Marked version: 0.3.19

Markdown flavor: CommonMark

Proposal type: other

What pain point are you perceiving?

We are not compliant with the CommonMark specification. The CM spec is the foundation for the GitHub Flavored Markdown specification. (GFM only adds some extensions for things like tables.)

Part of how we got here was that historically we did not strictly stick to the specification.
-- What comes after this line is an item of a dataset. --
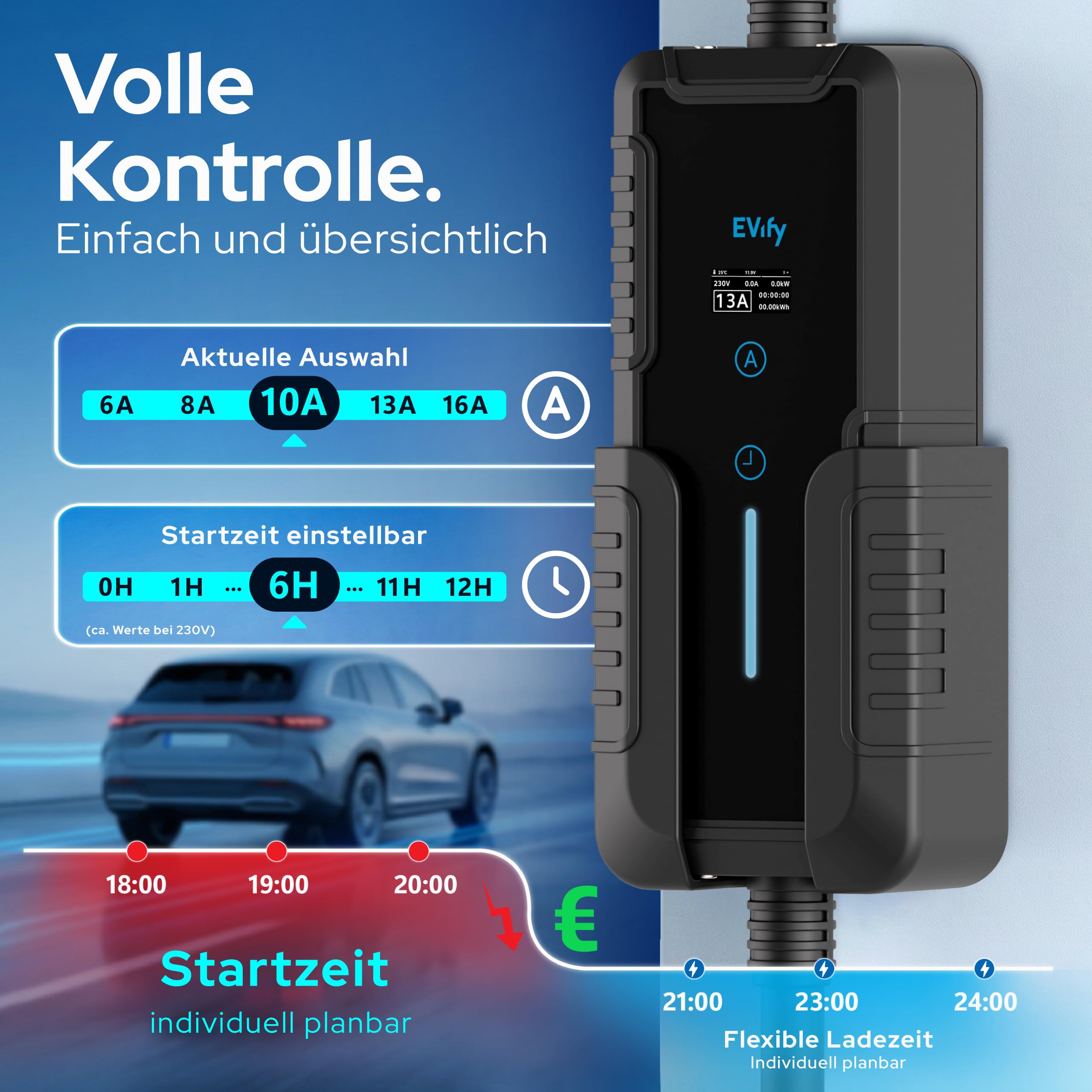 Ladekabel Typ 2 Schuko 3,7kW 7M 16A für Elektroauto & Hybrid inkl. Kabeltasche • Stromstärke/Ladeleistung einstellbar 6|8|10|13|16A, ideal für PV-Anlage • Typ 2 Ladekabel Schuko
In some cases we implemented custom features not discussed in the specifications (header id, for example).

What solution are you suggesting?

PR #1160 looks to run Marked against the CommonMark spec test cases: http://spec.commonmark.org/0.28/spec.json

So far the results show that we are roughly 60% spec-compliant.

The spec is divided into sections and each section has a number of test cases. (Counts may be off and are meant to represent estimate percent compliance with each section.)

Section	Count	Percent
Tabs	7 of 11	63%
Thematic breaks	16 of 19	84%
ATX headings	13 of 18	72%
Setext headings	20 of 26	77%
Indented code blocks	11 of 12	92%
Fenced code blocks	17 of 28	61%
HTML blocks	12 of 43	28%
Link reference definitions	21 of 23	91%
Paragraphs	6 of 8	75%
Block quotes	21 of 25	84%
List items	32 of 48	67%
Lists	10 of 24	42%
Backslash escapes	4 of 13	31%
Entity and numeric character references	8 of 12	67%
Code spans	10 of 17	59%
Emphasis and strong emphasis	62 of 128	48%
Links	46 of 84	55%
Images	13 of 22	59%
Autolinks	14 of 19	74%
Hard line breaks	32 of 36	89%
Soft line breaks	1 of 2	50%

styfle · 2018-08-17T15:26:40Z

styfle
Aug 17, 2018
Maintainer

@joshbruce Did you use a script to generate this table?
I just did a count based on shouldPassButFails arrays and this is what I got:

We are failing 157 of 624 commonmark tests which means we're passing 467 of 624.

That's about 75% spec-compliant in v0.5.0 👍

0 replies

joshbruce · 2018-08-17T15:38:12Z

joshbruce
Aug 17, 2018
Maintainer Author

@styfle: Nice! No I did it by hand back in April. Think we've had two releases since then.

Not sure I have time right now to keep up with maintaining the ticket, maybe we should close it??

0 replies

joshbruce · 2018-08-17T15:39:59Z

joshbruce
Aug 17, 2018
Maintainer Author

Scratch that last about spec compliance - just remembered it's an epic related to all the 0.x stuff. Maybe I can get to it this weekend. (Trying to find a new day job is full-time work as it has been said. 😀)

0 replies

styfle · 2019-01-03T16:08:56Z

styfle
Jan 3, 2019
Maintainer

I counted the remaining shouldPassButFails arrays and we are failing 122 of 624.

So we're passing 502/624 which means v0.6.0 is 80% spec-compliant 👍

0 replies

UziTech · 2019-09-13T13:36:42Z

UziTech
Sep 13, 2019
Maintainer

Section	Count	Percent
Tabs	10 of 11	91%
Precedence	1 of 1	100%
Thematic breaks	19 of 19	100%
ATX headings	17 of 18	94%
Setext headings	24 of 27	89%
Indented code blocks	12 of 12	100%
Fenced code blocks	28 of 29	97%
HTML blocks	43 of 43	100%
Link reference definitions	25 of 28	89%
Paragraphs	8 of 8	100%
Blank lines	1 of 1	100%
Block quotes	23 of 25	92%
List items	35 of 48	73%
Lists	15 of 26	58%
Inlines	1 of 1	100%
Backslash escapes	11 of 13	85%
Entity and numeric character references	13 of 17	76%
Code spans	21 of 22	95%
Emphasis and strong emphasis	85 of 131	65%
Links	70 of 87	80%
Images	15 of 22	68%
Autolinks	19 of 19	100%
Raw HTML	19 of 21	90%
Hard line breaks	15 of 15	100%
Soft line breaks	2 of 2	100%
Textual content	3 of 3	100%

v0.7.0 is > 82%

Emphasis and strong emphasis is the area where we can improve the most.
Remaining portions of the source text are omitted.